A China é enorme, 11,5% maior que o Brasil, com 7 vezes mais população e 56 grupos étnicos que levam uns 5 mil anos formando sua civilização. Ou seja, a diversidade cultural daqui é muito maior, e isso se manifesta em inúmeras formas, inclusive a culinária.

Faço aproximadamente metade das minhas refeições nos refeitórios do campus onde vivo, 200 hectares de muito verde, lagos, bicicletas e pouquíssimos carros. Nesta área há 4 edifícios nos quais se alugam espaços para empresas de alimentação. Dezenas de restaurantes oferecem suas especialidades aos 23 mil alunos e professores. Alem disso, numa rua ao lado do campus dezenas de carrinhos de lanches e pequenos restaurantes todas as noites montam uma espécie de praça de alimentação ao ar livre. Ambiente descontraído, muitas opções, mas surpreende que não se venda cerveja. Tanto ali como no campus os preços são baixos.

Dizem os antropólogos que comer é em grande medida um ato cultural. Estou de acordo. O homo sapiens, esse grande omnívoro, pode comer praticamente todos os outros animais, infinidade de vegetais, e não sobrevive sem um mineral fundamental – o sal. A escolha sobre o que se come ou não depende de fatos históricos que provavelmente se perdem na noite dos tempos.

Até agora quase tudo o que comi aqui foi muito saboroso. Que me perdoem os que pensam que "a comida brasileira é a melhor do mundo" ( juro que ouvi essa frase em Aracatuba), mas na minha modesta opinião a daqui é mais interessante.

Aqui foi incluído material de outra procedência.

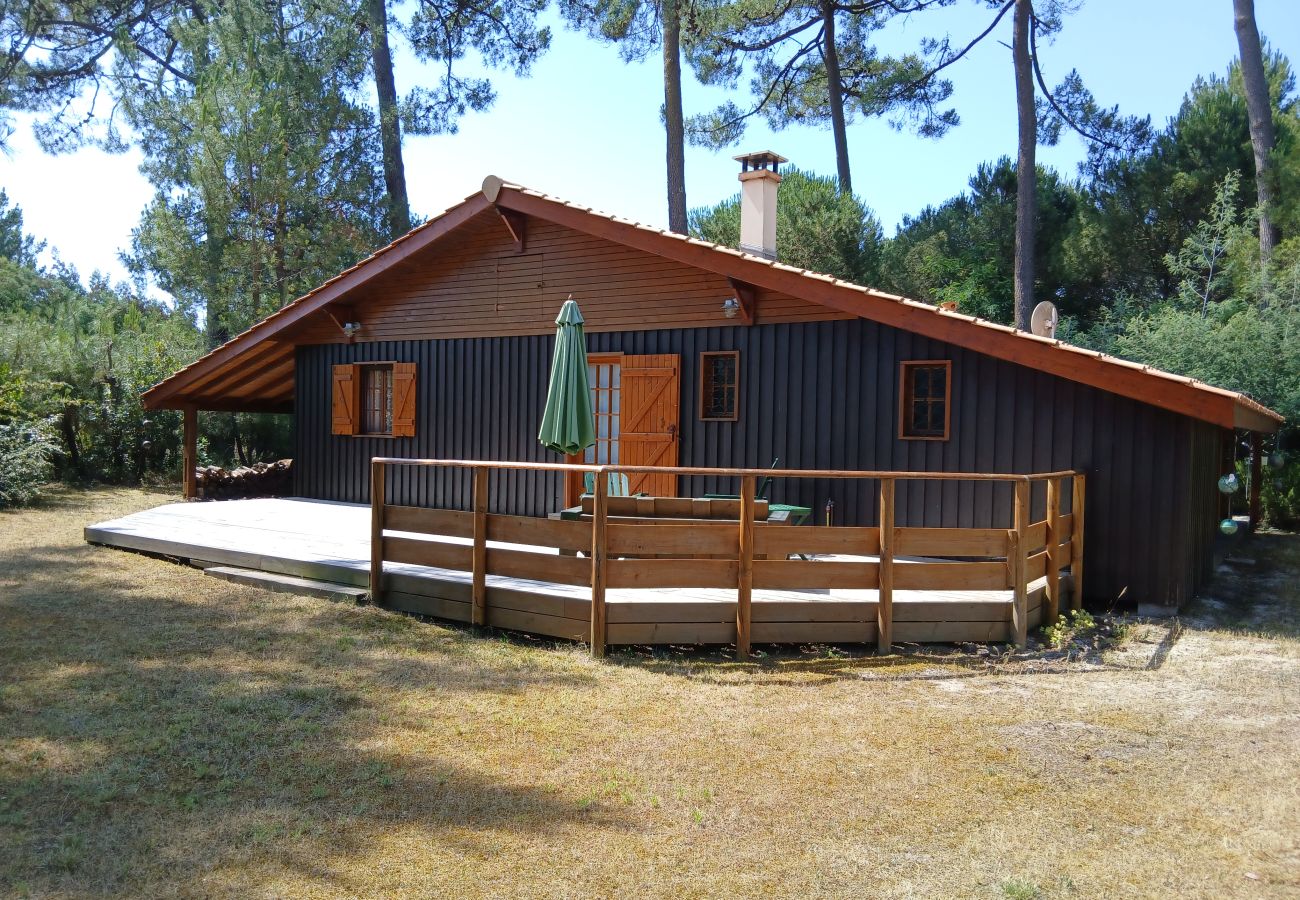 Chalet in Grayan-et-l´Hôpital - Chalet Canada 16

Sabores exóticos (pouco parecidos ao da comida chinesa daí), elaborações mais complexas, moderação no sal e sobretudo no açúcar, combinações inusitadas de ingredientes, e uma variedade de pratos infinitamente maior . E eu só conheço uma pequena parte do repertório total.

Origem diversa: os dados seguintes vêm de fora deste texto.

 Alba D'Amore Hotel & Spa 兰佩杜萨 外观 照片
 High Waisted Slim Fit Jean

Nada disso me foi mostrado no Fantástico. Será que a bússola da minha vida falseou a verdade?! Recuso-me a crer! Devo ter entendido mal aquelas reportagens .

Estou em crise existencial, deprimido talvez. Mas confesso que às vezes me entram dúvidas em noites de insônia, e começo a questionar a credibilidade da Globo e da mídia brasileira. É doloroso. Muito. É como se boa parte do meu mundo tivesse caído, pois também lembro de ter lido na Veja artigos sobre a dieta chinesa que não se confirmam.... Se descubro que a Veja distorceu fatos terei que buscar tratamento psiquiátrico!